The comments by the Minister of Public Security, as quoted in a Demerara Waves article on October 17. 2018 captioned, “Improved prisons hinged on oil money – Ramjattan”: and a letter that was written by his predecessor, Clement Rohee, that was published in the Stabroek News on October 18, 2018, captioned `Coalition gov’t has to be more inclusive in management of the serious prisons problems’ are both instructive.

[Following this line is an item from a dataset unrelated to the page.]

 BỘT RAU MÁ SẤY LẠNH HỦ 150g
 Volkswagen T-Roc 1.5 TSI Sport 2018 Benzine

Mr. Rohee in his letter stated, “On assuming office, Mr. Ramjattan rejected the sound policies he inherited from the previous PPP/C administration…” However, not unsurprisingly he failed to outline what those “sound policies” were. Anyone reading Rohee’s letter in the context of the caption will have tremendous difficulty in attempting to understand what the former minister refers to as inclusive management of the prison’s problems. As I have stated he made no substantial arguments in support of his position. What was unmistakable was the self-serving nature of the letter, which sought to rewrite history with his ridiculous claim that the prisons and the crime situation in Guyana were well managed under his and the PPP/C’s stewardship.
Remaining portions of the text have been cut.